Antes de concluir, Keenleyside discutiu uma das imagens mais famosas da época, “El sueño de la razón produce monstrous” (1796-97) de Goya, na qual um homem, caído na sesta, é cercado por oito corujas sinistras, um lince que parece ser capaz de ver através da escuridão, e um gato preto sombrio. Nesta imagem, Goya capta a crescente ansiedade em torno do Iluminismo e seu objetivo de quantificar todo o conhecimento humano. É preciso estar vigilante para que a razão, ele parece dizer, continue a lutar contra o mundo desumano dentro de nós.
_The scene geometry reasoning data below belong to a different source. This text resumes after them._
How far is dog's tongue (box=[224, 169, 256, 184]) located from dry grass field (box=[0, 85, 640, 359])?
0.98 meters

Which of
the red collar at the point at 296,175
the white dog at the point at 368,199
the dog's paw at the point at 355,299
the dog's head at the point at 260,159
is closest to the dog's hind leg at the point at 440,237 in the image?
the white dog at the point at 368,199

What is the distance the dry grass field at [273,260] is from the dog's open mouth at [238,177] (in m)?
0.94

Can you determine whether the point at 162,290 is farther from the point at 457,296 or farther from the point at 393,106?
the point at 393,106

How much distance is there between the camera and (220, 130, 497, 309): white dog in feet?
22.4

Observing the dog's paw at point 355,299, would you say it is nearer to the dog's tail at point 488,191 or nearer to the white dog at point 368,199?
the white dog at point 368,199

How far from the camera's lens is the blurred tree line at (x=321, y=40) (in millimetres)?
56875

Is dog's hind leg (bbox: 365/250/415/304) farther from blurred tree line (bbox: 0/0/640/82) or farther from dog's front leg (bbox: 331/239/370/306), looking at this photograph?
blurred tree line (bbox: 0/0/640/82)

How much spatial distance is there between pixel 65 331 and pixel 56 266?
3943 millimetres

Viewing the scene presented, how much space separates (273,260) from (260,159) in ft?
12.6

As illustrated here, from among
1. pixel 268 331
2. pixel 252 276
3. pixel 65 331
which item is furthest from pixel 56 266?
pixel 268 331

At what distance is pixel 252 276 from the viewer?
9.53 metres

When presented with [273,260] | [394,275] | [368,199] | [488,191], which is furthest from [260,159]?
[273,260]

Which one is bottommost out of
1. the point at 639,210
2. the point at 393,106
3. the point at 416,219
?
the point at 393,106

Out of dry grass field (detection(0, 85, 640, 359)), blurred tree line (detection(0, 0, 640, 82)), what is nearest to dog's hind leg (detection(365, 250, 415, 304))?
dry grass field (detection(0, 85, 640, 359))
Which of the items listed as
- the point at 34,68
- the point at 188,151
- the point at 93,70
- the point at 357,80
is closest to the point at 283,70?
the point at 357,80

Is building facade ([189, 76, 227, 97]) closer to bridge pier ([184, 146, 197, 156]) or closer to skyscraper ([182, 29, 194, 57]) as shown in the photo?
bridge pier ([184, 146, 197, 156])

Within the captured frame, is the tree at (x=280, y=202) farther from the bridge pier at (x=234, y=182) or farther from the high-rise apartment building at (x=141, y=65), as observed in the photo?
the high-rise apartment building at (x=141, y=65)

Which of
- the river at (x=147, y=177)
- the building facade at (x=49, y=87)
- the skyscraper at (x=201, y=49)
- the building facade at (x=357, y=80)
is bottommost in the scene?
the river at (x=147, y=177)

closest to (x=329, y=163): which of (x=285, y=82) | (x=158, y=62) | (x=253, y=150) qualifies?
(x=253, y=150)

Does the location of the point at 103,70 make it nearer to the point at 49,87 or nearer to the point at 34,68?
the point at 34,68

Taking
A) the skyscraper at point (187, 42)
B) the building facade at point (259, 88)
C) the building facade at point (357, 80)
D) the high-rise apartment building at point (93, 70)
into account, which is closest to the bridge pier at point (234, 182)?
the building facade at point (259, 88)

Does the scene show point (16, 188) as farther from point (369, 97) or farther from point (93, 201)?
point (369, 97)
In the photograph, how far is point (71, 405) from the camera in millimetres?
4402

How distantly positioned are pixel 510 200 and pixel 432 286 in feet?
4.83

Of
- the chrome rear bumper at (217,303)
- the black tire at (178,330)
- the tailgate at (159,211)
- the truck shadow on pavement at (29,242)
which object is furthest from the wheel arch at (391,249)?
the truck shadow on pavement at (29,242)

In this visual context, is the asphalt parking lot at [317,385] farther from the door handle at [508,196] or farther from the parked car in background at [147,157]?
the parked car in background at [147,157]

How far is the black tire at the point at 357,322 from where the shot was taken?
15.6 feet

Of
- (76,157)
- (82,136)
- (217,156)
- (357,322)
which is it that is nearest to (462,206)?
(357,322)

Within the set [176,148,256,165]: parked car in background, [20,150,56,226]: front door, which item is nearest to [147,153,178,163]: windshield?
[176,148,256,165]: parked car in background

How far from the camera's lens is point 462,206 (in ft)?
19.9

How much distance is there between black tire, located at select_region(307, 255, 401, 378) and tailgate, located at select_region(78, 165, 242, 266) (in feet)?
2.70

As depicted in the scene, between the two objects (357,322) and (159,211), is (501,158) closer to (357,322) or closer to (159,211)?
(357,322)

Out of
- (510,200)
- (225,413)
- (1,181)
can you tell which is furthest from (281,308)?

Poucas décadas depois, Frankenstein continuaria a sondar as falhas do Iluminismo, formando um rosto hediondo para a nossa imaginação monstruosa que brota de um criador humano e não de uma força exterior da natureza. A implicação tanto na obra de Goya como no romance de Shelley é que a fixação do Iluminismo no mundo exterior era incompleta, camuflando a escuridão no seu interior. Levaria mais um século até que as pessoas finalmente começassem a compreender os aspectos irracionais da consciência humana através das lentes da psicologia, mas durante esse período obscuro de tempo antes de Freud quantificar os monstros muitas criaturas fantásticas continuaram a vaguear pelas regiões interiores não cartografadas da humanidade. As pessoas pareciam não estar dispostas a aceitar que os monstros eram mais familiares do que queriam acreditar.
“Frankeinstein” teve lugar no sábado, 9 de Novembro, das 15 às 16 horas, no Teatro Claudia Cassidy do Centro Cultural de Chicago (77 W Washington) como parte do Festival de Humanidades de Chicago deste ano (13 de Outubro & 20; 1-10 de Novembro).